--- To do ---
Everything from the line containing "Taeyue Leon Scott" through the last line of the data below is to be retyped exactly, apart from the pictures.

--- Input data ---
[Start of Attachment]
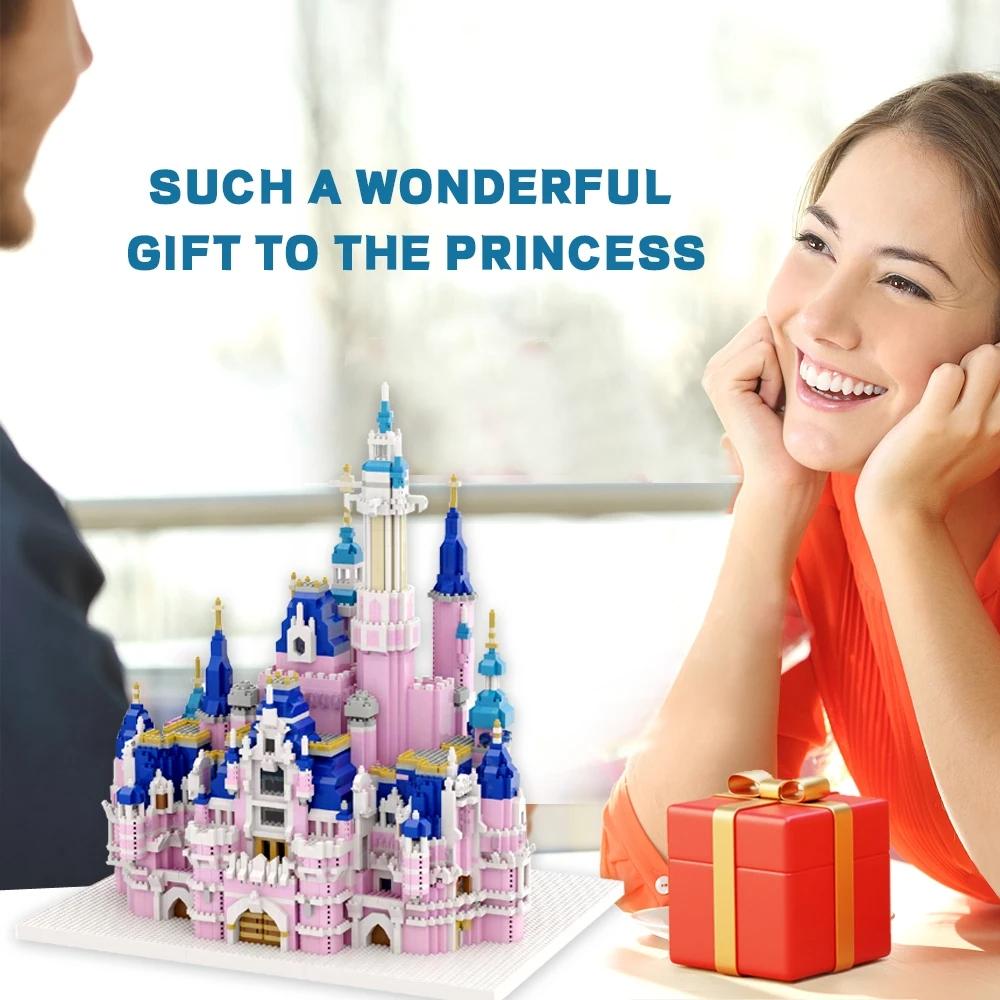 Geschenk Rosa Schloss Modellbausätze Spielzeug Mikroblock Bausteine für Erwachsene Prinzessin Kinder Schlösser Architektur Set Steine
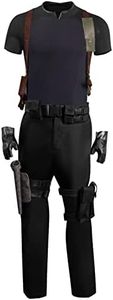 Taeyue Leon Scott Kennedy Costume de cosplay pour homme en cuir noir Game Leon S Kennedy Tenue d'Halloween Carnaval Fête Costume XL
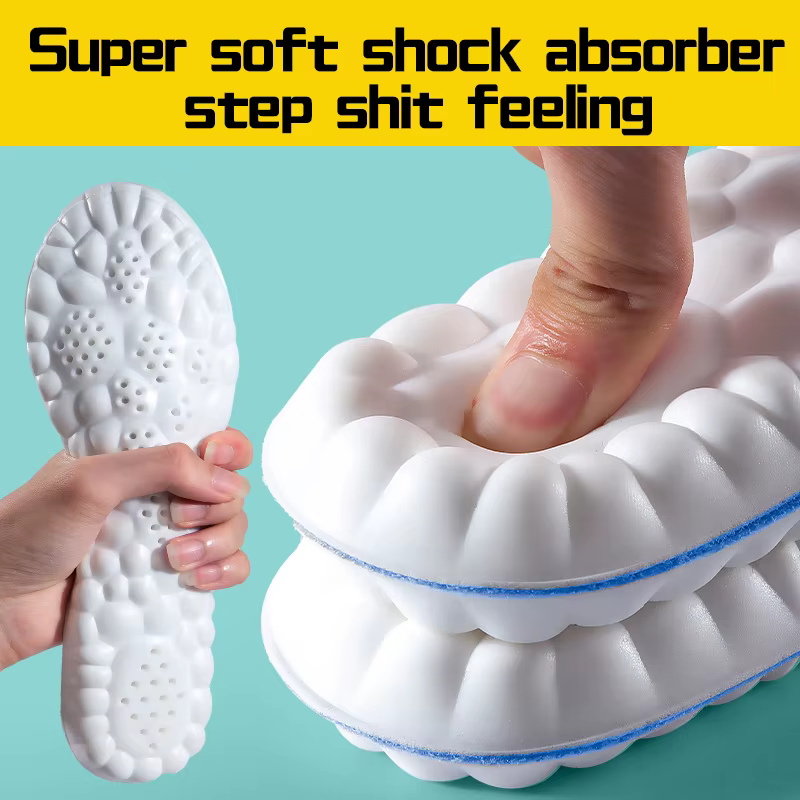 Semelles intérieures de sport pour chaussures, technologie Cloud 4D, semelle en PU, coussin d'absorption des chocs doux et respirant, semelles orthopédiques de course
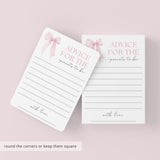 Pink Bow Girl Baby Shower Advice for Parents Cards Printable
[End of Attachment]
--- Response box ---
 Taeyue Leon Scott Kennedy Costume de cosplay pour homme en cuir noir Game Leon S Kennedy Tenue d'Halloween Carnaval Fête Costume XL
 Semelles intérieures de sport pour chaussures, technologie Cloud 4D, semelle en PU, coussin d'absorption des chocs doux et respirant, semelles orthopédiques de course
 Pink Bow Girl Baby Shower Advice for Parents Cards Printable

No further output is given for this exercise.